Indeed, it was Leonardo’s engineering prowess that first brought him to Milan in 1482, when he was 30. Though his motivations for leaving Florence are unclear — some historians say he may have been at least partially prompted by a desire to escape the cloud of sodomy allegations lodged against him in Florence a few years earlier — he sent the ambitious duke of Milan, Ludovico Sforza, a meticulous list of the advanced engineering projects and war machinery he could help him construct. Almost as an afterthought, he mentioned at the end of his pitch to Sforza that he was also an artist. “Likewise in painting, I can do everything possible as well as any other, whosoever he may be,” da Vinci offered, not incorrectly.
Today, his engineering genius and the advancements it inspired are showcased at Milan’s Museo Nazionale Scienza e Tecnologia Leonardo da Vinci, the largest science museum in Italy.

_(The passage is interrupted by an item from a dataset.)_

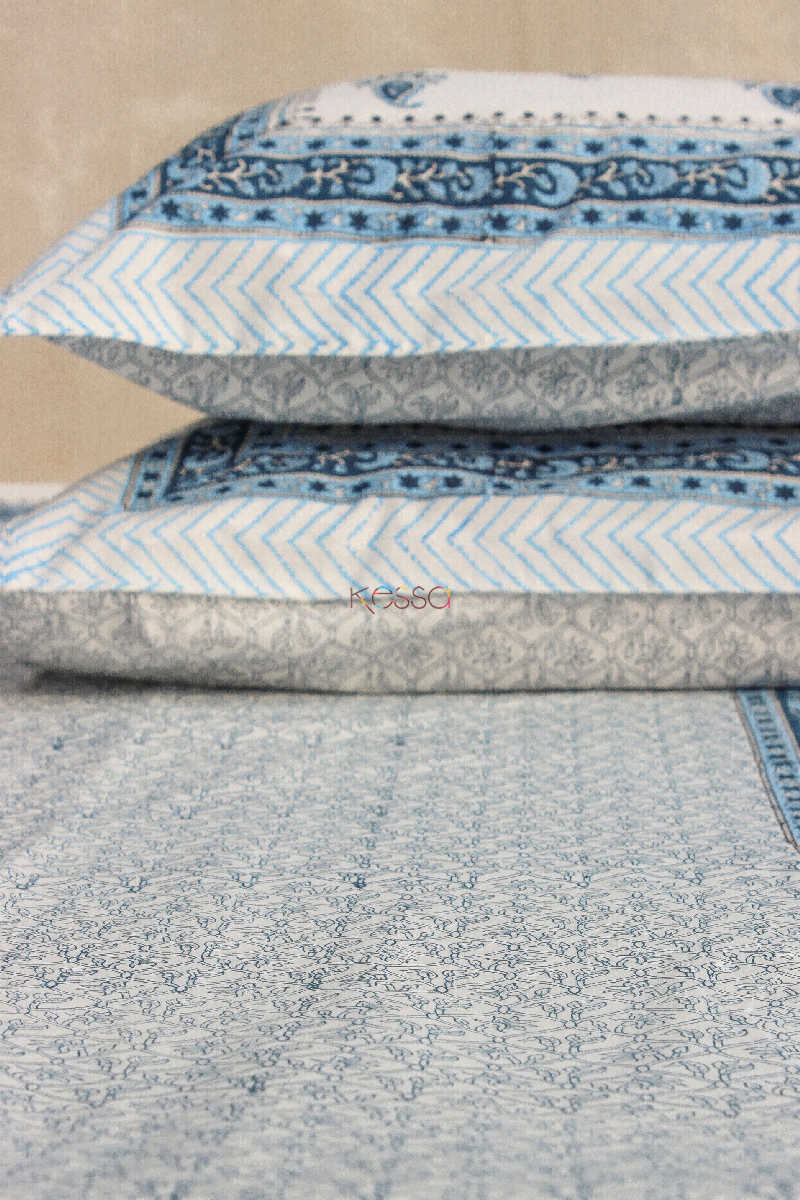 Image for Kusvaa Kpb02 Horizon Blue Paisley Block Print Bedsheet Set Of 3 Closeup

The museum’s Leonardo da Vinci Galleries, reimagined for the 2019 celebrations, use more than 170 historical models, artworks, codexes and installations to bring the artist’s story to life.
Much of his time in Milan was spent working in the duke’s castle, Castello Sforzesco, still one of the top attractions in the city. The artist’s most lasting legacy at the castle itself is the Sala delle Asse, where he painted the walls and the ceiling to resemble a pergola of mulberry trees, bringing the outside in for the duke who loved beauty and hosting elaborate parties. Unfortunately, the Sala delle Asse has been off- limits to visitors for most of the last decade while it undergoes painstaking restoration, but its completion is promised soon.
A few blocks from the castle is Milan’s most popular Leonardo attraction by far, his mural “The Last Supper,” painted about 1495 to 1498 on the refectory wall of the Convent of Santa Maria delle Grazie. While paintings depicting Jesus’ final meal as surrounded by his 12 apostles were commonplace, if not obligatory, for important churches of his day, it was the artist’s wholly unique approach to the subject matter that stunned contemporary viewers as it still does today. Surrounding a world-weary Jesus, each apostle distinctly reacts with palpable animation to the shocking news that Jesus has just delivered to them: that one of them will soon betray him.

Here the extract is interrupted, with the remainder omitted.